▶ _Activity_
Copy the records below word for word. Stop after the line that contains "Монстрік 4 вирубка".

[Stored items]
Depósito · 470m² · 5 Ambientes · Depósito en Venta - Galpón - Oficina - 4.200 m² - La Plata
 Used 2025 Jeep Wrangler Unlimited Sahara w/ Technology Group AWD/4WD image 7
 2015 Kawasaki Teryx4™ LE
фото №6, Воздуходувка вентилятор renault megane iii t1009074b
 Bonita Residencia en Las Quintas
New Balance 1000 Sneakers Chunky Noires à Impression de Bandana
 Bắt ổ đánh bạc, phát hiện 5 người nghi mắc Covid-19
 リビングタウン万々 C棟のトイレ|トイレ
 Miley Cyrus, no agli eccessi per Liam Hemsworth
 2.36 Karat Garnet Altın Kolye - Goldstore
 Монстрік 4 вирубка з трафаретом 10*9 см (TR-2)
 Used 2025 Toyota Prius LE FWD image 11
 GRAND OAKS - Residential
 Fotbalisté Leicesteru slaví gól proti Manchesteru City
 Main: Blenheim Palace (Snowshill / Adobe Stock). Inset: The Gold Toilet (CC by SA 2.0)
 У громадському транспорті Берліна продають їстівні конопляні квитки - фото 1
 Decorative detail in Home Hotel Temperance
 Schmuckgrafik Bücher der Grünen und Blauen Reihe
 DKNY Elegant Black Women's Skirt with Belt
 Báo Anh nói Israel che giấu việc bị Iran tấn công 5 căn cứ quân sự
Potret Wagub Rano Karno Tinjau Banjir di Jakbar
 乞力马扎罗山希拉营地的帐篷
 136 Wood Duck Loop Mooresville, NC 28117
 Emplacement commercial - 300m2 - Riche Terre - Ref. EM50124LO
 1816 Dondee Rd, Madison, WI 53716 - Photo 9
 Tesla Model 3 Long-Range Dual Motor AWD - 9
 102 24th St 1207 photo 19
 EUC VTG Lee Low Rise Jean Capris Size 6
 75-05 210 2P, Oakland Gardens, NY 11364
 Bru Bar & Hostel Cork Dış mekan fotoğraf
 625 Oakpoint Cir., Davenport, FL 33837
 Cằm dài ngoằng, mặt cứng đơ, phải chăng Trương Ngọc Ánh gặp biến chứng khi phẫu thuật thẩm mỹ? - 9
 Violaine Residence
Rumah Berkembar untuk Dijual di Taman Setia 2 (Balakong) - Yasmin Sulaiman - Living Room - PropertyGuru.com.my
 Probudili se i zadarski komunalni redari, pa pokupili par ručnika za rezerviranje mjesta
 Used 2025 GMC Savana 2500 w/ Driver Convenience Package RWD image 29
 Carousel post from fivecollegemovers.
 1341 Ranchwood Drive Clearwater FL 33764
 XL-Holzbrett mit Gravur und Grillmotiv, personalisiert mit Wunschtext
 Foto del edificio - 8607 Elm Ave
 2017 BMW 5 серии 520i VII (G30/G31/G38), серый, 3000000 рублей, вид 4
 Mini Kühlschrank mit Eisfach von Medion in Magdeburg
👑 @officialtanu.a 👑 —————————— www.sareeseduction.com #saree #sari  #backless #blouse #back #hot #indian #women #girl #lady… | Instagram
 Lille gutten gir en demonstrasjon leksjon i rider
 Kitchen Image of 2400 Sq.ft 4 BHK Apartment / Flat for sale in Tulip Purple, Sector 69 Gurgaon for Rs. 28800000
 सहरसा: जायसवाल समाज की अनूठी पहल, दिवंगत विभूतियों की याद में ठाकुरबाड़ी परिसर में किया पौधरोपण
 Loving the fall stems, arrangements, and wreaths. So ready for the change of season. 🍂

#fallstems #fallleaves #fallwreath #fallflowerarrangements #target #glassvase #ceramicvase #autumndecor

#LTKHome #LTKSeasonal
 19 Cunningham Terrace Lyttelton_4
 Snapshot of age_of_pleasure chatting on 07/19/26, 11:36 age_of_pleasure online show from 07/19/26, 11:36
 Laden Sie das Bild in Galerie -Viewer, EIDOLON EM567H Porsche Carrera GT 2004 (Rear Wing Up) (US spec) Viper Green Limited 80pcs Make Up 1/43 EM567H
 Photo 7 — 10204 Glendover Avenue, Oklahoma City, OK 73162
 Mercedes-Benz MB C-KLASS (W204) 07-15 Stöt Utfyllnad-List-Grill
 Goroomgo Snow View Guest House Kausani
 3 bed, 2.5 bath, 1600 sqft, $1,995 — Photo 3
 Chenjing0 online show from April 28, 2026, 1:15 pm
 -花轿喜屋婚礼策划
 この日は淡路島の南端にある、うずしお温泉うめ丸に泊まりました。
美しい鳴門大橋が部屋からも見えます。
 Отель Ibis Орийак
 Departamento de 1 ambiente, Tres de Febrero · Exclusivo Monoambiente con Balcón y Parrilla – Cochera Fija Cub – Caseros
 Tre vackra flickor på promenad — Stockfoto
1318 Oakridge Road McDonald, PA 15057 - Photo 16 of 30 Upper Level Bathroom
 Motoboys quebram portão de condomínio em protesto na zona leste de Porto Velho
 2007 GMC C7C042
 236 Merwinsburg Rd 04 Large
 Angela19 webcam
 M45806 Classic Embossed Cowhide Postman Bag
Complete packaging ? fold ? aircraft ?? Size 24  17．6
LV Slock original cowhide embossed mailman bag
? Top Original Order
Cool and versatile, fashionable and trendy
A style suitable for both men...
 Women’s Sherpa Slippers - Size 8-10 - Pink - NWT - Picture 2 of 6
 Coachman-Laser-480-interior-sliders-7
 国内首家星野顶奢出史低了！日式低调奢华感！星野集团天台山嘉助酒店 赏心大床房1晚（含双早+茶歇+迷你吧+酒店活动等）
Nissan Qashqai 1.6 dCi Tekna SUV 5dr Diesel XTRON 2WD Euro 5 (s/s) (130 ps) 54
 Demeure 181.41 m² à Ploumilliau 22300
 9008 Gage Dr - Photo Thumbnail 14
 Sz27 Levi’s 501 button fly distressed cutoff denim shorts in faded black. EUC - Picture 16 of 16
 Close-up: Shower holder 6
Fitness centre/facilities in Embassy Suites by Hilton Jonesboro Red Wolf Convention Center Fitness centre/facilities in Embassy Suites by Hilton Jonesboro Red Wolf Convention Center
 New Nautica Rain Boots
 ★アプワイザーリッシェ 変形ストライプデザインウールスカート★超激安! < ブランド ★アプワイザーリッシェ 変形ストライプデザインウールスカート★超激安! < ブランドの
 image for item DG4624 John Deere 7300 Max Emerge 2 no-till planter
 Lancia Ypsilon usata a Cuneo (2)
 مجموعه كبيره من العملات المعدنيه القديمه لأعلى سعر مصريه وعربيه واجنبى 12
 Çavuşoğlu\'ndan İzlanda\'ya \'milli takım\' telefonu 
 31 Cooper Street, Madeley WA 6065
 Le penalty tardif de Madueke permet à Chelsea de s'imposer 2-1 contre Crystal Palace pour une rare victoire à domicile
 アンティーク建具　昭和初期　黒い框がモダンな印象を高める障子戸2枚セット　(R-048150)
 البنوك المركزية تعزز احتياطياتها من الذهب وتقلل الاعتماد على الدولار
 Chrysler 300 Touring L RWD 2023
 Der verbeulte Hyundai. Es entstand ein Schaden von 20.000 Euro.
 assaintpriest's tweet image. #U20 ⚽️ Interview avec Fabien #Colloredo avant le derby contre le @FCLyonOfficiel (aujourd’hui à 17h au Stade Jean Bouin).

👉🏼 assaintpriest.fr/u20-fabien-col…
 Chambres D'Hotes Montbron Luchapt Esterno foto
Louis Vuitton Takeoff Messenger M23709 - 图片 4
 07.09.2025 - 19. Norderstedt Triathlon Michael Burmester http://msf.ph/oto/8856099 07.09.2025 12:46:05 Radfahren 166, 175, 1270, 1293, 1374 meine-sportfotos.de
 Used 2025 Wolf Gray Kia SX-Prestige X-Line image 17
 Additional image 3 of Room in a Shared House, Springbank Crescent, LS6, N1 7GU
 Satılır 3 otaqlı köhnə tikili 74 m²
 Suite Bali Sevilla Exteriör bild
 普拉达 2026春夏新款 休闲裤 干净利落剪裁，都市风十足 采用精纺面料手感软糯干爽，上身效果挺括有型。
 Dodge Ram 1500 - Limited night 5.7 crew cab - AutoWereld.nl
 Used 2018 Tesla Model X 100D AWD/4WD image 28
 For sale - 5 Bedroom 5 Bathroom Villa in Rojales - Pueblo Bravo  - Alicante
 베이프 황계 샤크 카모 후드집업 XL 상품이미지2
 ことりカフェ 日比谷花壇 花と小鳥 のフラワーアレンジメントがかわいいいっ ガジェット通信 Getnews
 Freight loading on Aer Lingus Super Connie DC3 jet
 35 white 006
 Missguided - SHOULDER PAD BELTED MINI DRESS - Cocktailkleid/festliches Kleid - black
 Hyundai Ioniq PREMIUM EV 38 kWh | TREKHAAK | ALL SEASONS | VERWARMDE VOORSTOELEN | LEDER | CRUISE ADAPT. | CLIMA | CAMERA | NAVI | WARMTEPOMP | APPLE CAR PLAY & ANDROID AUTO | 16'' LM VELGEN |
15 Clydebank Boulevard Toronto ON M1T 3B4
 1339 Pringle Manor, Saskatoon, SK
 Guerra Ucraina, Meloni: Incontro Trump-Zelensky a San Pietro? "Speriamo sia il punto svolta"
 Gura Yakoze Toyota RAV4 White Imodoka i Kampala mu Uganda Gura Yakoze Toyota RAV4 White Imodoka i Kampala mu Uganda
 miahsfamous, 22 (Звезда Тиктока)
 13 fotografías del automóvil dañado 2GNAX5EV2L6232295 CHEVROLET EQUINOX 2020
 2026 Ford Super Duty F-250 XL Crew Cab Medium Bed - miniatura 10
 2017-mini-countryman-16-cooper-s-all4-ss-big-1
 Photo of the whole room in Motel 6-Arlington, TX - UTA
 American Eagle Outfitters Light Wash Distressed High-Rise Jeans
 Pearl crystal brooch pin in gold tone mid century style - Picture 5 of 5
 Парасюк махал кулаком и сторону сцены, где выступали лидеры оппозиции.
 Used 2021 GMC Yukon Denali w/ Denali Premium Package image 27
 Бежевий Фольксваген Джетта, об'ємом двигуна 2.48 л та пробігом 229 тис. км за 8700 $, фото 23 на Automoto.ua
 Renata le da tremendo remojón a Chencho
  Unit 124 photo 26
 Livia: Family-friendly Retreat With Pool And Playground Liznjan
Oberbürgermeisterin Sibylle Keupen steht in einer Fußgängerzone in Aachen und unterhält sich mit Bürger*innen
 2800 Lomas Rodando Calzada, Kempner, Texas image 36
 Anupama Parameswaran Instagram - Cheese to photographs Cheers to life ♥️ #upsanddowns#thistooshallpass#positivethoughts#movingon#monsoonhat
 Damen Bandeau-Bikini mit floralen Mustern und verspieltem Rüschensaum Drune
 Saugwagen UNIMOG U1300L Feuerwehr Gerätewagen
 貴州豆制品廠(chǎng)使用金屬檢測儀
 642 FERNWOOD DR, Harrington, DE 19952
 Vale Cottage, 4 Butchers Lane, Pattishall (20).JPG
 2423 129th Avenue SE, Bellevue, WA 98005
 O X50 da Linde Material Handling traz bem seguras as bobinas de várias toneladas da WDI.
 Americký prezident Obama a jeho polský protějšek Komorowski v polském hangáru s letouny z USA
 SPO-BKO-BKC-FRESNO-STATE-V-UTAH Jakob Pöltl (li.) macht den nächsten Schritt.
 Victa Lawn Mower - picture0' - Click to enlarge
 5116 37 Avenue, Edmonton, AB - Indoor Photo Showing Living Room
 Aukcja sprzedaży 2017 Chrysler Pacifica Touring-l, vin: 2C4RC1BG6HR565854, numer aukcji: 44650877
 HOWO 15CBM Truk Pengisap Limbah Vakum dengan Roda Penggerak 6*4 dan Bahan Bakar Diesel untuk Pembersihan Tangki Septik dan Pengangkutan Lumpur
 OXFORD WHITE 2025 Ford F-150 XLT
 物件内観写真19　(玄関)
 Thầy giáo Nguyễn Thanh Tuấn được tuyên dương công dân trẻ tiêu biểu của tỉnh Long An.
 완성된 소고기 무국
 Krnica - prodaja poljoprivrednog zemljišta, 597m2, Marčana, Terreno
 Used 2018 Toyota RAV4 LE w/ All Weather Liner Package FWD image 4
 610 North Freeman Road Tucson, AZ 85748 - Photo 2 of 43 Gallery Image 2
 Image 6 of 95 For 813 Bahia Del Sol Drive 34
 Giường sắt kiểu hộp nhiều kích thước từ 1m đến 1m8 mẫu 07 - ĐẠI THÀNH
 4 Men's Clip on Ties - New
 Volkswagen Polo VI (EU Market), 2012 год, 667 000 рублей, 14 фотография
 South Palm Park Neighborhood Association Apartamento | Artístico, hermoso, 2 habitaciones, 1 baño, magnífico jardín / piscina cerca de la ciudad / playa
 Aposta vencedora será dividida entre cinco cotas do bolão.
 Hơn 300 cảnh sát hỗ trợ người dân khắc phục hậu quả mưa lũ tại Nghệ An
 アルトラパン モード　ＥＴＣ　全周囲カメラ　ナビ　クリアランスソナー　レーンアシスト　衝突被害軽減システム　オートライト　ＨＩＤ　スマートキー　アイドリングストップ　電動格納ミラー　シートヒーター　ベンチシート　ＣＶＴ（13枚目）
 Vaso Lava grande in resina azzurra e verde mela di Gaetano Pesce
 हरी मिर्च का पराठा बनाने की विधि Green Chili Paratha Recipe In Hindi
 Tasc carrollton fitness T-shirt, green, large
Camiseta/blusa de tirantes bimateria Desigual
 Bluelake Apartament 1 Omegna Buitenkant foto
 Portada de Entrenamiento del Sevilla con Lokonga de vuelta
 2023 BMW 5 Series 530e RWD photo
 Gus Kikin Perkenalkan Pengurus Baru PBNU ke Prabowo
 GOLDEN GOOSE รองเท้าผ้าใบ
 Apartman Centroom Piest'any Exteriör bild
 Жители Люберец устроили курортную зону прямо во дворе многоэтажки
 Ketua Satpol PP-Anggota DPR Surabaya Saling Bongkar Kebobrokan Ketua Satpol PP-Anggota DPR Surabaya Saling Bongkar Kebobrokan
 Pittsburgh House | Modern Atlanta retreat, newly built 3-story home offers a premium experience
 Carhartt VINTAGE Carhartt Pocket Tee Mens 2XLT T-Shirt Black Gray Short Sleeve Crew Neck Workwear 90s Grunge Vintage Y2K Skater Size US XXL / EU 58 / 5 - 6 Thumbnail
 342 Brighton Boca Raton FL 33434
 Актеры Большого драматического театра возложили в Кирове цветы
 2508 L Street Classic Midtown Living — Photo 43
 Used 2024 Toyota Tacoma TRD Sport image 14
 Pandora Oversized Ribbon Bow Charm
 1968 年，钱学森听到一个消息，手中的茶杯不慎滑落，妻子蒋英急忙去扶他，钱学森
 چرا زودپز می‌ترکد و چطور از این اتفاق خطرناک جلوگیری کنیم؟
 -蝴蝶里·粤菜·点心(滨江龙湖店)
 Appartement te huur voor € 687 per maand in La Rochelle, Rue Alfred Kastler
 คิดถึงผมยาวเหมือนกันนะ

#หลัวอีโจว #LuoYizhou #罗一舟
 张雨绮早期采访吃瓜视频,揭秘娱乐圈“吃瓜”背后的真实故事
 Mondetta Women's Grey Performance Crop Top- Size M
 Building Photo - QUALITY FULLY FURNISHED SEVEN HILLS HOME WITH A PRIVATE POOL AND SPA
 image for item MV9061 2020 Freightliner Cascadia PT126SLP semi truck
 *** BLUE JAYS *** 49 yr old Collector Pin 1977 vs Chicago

▶ _Final answer_
Depósito · 470m² · 5 Ambientes · Depósito en Venta - Galpón - Oficina - 4.200 m² - La Plata
 Used 2025 Jeep Wrangler Unlimited Sahara w/ Technology Group AWD/4WD image 7
 2015 Kawasaki Teryx4™ LE
фото №6, Воздуходувка вентилятор renault megane iii t1009074b
 Bonita Residencia en Las Quintas
New Balance 1000 Sneakers Chunky Noires à Impression de Bandana
 Bắt ổ đánh bạc, phát hiện 5 người nghi mắc Covid-19
 リビングタウン万々 C棟のトイレ|トイレ
 Miley Cyrus, no agli eccessi per Liam Hemsworth
 2.36 Karat Garnet Altın Kolye - Goldstore
 Монстрік 4 вирубка з трафаретом 10*9 см (TR-2)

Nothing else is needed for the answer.